The bailout


In an election year already filled with topsy-turvy events and serial comeuppance, the stock market yesterday lost an average of $3 million per minute and chickens came home to roost on their dwindling 401K nest eggs.

The headlines were screaming: Massive credit contraction…worst drop in U.S. stock market since 911…strangled economy…serious recession looming. But despite dire predictions of crashing global markets and domestic job loss, 30 Western Democrats and 24 Western Republicans in the U.S. House joined their colleagues on Monday in voting down a $700 billion bailout plan, 228-205. (Twenty-eight Western Dems and 17 Republicans voted for the bill.)

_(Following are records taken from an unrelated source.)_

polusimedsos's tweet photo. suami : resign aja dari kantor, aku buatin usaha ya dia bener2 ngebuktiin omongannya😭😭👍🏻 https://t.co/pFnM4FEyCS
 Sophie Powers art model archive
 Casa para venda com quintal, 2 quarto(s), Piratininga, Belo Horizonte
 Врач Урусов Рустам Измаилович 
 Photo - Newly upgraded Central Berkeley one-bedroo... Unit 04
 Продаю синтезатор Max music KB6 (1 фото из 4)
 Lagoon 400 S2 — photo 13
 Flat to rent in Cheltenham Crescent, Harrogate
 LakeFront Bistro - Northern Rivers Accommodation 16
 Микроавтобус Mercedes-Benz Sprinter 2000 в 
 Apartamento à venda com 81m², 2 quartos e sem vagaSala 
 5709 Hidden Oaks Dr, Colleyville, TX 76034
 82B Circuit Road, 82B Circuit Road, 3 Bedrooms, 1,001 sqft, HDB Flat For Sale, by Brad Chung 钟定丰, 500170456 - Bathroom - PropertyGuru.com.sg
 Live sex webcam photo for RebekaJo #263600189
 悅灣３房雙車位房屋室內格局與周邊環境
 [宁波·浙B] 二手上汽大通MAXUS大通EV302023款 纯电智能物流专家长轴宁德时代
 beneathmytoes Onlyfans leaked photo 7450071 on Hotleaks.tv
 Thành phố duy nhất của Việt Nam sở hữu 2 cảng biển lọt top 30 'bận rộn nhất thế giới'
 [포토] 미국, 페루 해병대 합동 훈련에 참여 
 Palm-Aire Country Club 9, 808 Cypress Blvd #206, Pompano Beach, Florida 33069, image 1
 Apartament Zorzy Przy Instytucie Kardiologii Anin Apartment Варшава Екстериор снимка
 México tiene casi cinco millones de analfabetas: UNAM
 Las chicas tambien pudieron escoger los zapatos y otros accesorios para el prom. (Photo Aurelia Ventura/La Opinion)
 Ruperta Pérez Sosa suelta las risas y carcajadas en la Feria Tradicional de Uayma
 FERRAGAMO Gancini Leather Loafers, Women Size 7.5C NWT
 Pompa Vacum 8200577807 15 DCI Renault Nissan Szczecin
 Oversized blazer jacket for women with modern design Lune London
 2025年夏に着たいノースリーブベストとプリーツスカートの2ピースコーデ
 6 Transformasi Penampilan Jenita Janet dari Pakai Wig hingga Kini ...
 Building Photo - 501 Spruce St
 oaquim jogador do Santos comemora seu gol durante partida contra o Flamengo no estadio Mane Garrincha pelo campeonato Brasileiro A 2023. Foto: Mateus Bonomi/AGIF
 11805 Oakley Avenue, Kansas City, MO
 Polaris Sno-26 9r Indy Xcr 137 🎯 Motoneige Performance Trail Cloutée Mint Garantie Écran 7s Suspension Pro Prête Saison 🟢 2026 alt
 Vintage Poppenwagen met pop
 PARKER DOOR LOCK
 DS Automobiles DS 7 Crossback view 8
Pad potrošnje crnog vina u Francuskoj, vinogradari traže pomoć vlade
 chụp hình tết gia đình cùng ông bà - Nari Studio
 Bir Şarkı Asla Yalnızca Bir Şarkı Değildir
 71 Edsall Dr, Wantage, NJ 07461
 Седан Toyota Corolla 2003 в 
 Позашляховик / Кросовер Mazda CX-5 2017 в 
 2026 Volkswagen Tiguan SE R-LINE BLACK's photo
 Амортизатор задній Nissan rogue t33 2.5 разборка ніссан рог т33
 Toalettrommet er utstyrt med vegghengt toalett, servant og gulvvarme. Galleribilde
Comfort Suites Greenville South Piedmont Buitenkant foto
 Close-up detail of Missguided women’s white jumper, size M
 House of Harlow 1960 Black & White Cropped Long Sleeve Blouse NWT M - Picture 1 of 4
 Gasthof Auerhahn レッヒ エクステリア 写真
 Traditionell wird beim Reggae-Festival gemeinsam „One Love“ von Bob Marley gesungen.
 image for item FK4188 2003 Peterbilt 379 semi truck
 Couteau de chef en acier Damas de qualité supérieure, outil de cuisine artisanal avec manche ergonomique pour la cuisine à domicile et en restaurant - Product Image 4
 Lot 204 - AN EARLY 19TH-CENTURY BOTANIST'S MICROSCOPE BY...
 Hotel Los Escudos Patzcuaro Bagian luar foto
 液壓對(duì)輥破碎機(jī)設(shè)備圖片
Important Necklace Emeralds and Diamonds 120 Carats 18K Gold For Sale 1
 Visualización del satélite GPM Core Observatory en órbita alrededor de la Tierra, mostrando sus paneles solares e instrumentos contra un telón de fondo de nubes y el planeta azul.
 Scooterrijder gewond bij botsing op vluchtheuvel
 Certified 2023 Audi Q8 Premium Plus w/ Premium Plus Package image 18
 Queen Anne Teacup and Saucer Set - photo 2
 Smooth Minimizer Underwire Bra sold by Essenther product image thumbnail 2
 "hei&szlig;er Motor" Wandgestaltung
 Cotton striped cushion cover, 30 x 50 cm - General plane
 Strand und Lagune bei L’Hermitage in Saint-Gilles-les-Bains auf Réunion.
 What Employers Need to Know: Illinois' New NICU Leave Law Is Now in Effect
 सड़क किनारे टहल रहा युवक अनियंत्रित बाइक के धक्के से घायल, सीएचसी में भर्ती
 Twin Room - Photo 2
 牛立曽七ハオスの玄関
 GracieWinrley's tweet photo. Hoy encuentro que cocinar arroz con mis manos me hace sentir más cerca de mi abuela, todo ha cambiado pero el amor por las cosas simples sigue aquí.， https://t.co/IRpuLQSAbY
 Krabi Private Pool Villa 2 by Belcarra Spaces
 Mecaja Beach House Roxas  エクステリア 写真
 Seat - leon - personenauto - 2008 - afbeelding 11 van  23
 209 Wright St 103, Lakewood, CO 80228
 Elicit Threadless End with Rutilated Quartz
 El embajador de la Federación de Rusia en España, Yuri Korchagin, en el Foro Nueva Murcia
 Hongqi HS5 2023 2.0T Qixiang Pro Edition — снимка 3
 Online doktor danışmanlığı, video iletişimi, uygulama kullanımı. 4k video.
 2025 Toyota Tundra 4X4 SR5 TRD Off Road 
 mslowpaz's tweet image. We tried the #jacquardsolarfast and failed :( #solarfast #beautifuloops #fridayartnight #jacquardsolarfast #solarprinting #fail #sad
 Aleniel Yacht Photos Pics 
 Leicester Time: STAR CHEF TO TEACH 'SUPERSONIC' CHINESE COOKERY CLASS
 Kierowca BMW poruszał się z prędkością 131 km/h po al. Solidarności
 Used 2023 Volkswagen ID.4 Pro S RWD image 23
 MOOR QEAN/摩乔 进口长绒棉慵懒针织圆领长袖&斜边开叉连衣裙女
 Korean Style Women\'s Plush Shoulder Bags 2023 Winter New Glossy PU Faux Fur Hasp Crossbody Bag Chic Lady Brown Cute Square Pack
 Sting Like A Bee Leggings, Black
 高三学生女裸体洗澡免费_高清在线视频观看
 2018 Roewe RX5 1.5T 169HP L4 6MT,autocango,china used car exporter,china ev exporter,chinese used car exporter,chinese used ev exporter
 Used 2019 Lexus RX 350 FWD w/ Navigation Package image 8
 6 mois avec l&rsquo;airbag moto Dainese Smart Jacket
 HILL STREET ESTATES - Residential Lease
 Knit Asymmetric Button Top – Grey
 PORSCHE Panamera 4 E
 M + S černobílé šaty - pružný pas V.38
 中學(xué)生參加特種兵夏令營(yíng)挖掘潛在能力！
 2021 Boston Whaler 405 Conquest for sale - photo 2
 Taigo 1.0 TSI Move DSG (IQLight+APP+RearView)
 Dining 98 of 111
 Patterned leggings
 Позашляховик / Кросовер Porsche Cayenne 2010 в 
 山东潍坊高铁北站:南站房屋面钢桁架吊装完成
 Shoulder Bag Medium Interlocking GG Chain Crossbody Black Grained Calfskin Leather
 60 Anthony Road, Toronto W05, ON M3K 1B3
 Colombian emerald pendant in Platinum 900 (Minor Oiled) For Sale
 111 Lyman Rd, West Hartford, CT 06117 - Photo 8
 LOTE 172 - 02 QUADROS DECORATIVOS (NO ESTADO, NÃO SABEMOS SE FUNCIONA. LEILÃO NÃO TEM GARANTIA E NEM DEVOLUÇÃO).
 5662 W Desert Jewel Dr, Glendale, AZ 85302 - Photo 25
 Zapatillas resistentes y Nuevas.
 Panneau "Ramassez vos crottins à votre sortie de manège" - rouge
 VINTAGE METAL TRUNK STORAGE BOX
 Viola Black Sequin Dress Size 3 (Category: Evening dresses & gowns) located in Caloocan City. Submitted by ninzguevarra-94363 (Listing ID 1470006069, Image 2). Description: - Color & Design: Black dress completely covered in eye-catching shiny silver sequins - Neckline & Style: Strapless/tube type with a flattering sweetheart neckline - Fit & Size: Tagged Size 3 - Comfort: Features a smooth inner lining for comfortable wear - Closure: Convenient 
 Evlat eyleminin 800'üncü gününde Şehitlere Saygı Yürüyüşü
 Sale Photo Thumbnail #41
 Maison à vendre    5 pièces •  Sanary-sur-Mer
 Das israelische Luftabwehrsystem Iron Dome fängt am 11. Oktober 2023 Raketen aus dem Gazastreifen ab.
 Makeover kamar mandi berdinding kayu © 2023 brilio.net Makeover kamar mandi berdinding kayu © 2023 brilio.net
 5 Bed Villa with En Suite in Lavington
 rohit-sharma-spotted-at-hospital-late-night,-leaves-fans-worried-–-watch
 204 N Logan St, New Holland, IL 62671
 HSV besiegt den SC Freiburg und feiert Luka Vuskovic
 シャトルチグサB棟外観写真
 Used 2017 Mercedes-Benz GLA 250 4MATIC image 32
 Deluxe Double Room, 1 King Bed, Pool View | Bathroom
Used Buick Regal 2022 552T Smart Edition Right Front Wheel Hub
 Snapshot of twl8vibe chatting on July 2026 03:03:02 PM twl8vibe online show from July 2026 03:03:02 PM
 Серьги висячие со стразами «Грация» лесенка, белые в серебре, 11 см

Colorado Democrat Mark Udall voted no and called on Congress to create a better bill, citing the need “to fix the broken financial system that led us to this crisis.” Utah’s Republican congressman, Rob Bishop, voted no because “the free market probably hasn’t been given enough of a chance to perform.” All eight Arizona representatives – four Democrats and four Republicans – voted against the legislation, even though Ariz. Sen. John McCain "suspended" his presidential campaign to promote it. While Dems wanted more for the taxpayer, nay-saying Republicans couldn’t bring themselves to insert controls into their deregulation experiment. The GOP group has an alternative plan, with “market-based solutions” such as federal insurance for bad debt.

In the meantime, the Fed yesterday poured $490 billion into the economy, following a $430 billion infusion last week, trying to shore up financial systems around the globe and regain some stability.

After the vote, Congress adjourned for Rosh Hashanah, the Jewish holiday that begins ten days of repentance before Yom Kippur. During that time, one should attempt reconciliation, according to tradition.